O problema aí é que ele não permite qualquer tipo de imersão no que está acontecendo na tela, deixando tudo com um ritmo descompassado. Quando isso dá uma sossegada, ali pelo meio do filme, o negócio embala e o filme se torna mais agradável. A impressão que eu fiquei é que os tais problemas durante a pós-produção, com a Warner querendo deixar tudo mais “leve” tá nesse começo e na vontade de ser o “Guardiões da Galáxia da DC”, inclusive reutilizando música que teve destaque no filme da Marvel. Só que a segunda metade mostra que nem precisava fazer isso.
Outra coisa que é bom falar é que os trailers vendem um filme diferente do que chega aos cinemas.

SUICIDE SQUAD

O filme tem uma história um tanto fraca, mas que funciona dentro daquilo que é mostrado. Ele tem momentos engraçados, mas praticamente todas as piadinhas já foram entregues nos trailers. Sempre quando algo poderia ser engraçado, você percebe que foi usado a exaustão em trailers. Por isso, o momento mais engraçado é exatamente um que não foi mostrado em momento algum e que funciona perfeitamente com o personagem que foi apresentado.
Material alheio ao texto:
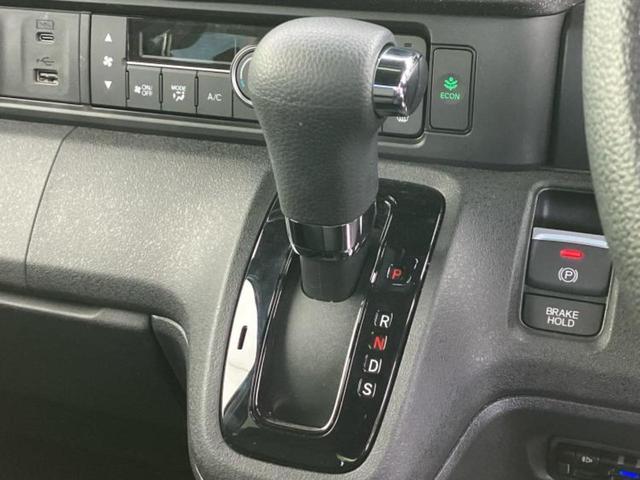 N-BOXカスタム ヒョウジュン 純正 8インチ ナビ/ホンダセンシング/電動スライドドア/シートヒーター/車線逸脱防止支援システム/ヘッドランプ LED/USBジャック/Bluetooth接続/ETC/EBD付ABS バックカメラ(17枚目)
Pra fechar as coisas, os vilões. Não os “heróis”, mas os antagonistas da história. Vou entregar aqui, porque foda-se, que é a Magia (ou Enchantress). A Cara Delavigne é muito bonita, mas ela não é uma grande atriz. Até aí ok, o papel ali não exige TANTO assim, mas a partir do momento em que ela ficou dançando na frente do portal, com um visual que era quase 100% um cosplay da Evil-Lyn do He-Man, ficou impossível levar a sério.

It’s good to be bad

No papel, Esquadrão Suicida não é bom. Ele tem vários problemas de ritmo e a história é meio capenga. Só que, na prática, ele FUNCIONA. Ele consegue ser divertido, te fazer rir e se importar com, pelo menos, alguns dos personagens dali. As participações especiais são legais e, apesar dos pesares, o novo Coringa pode ser muito interessante perto do novo Batman.
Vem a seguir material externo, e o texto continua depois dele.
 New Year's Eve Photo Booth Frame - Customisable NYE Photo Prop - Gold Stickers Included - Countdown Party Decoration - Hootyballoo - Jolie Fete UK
O maior problema dele foi ter ficado com todo o peso de “arrumar” o Universo DC nos cinemas, depois da bomba que foi Batman vs Superman. Na realidade, Esquadrão Suicida é um filme bom. Não é espetacular, mas também não chega nem perto da bomba que algumas pessoas querem falar que é. Dos três filmes do novo Universo DC nos cinemas, é possível dizer que ele é o mais agradável, mesmo com os seus problemas.
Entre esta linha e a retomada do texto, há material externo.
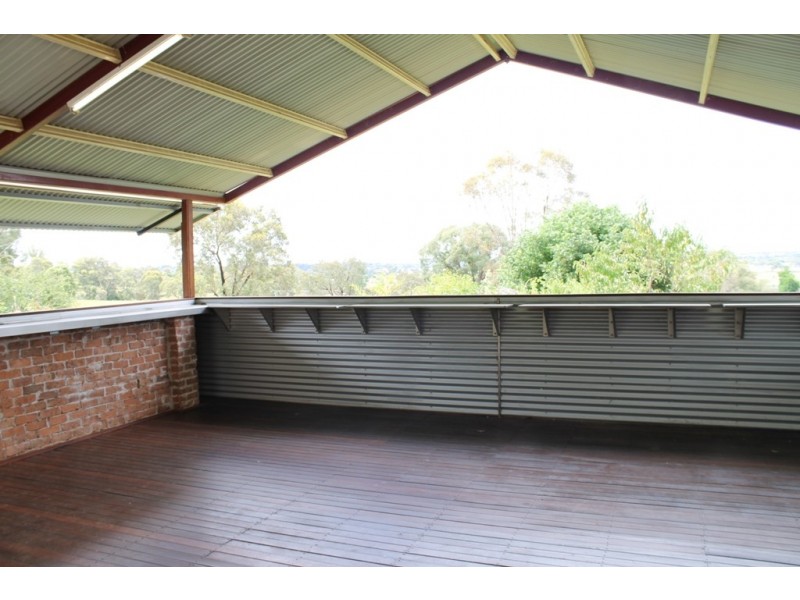 16 Osterley Terrace, Inverell NSW 2360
Agora, resta saber se com as mudanças nos bastidores da Warner/DC, ele vai ser mesmo o momento da virada ou não.

PS: Preciso dizer aqui que vivemos em um mundo em que Pistoleiro, Arlequina, Killer Croc, Capitão Bumerangue e El Diablo são mais heroicos que o Superman nos cinemas. Isso tá muito errado e ARRUMEM ESSE BASTARDO NO FILME DA LIGA DA JUSTIÇA, PELO AMOR DE DEUS!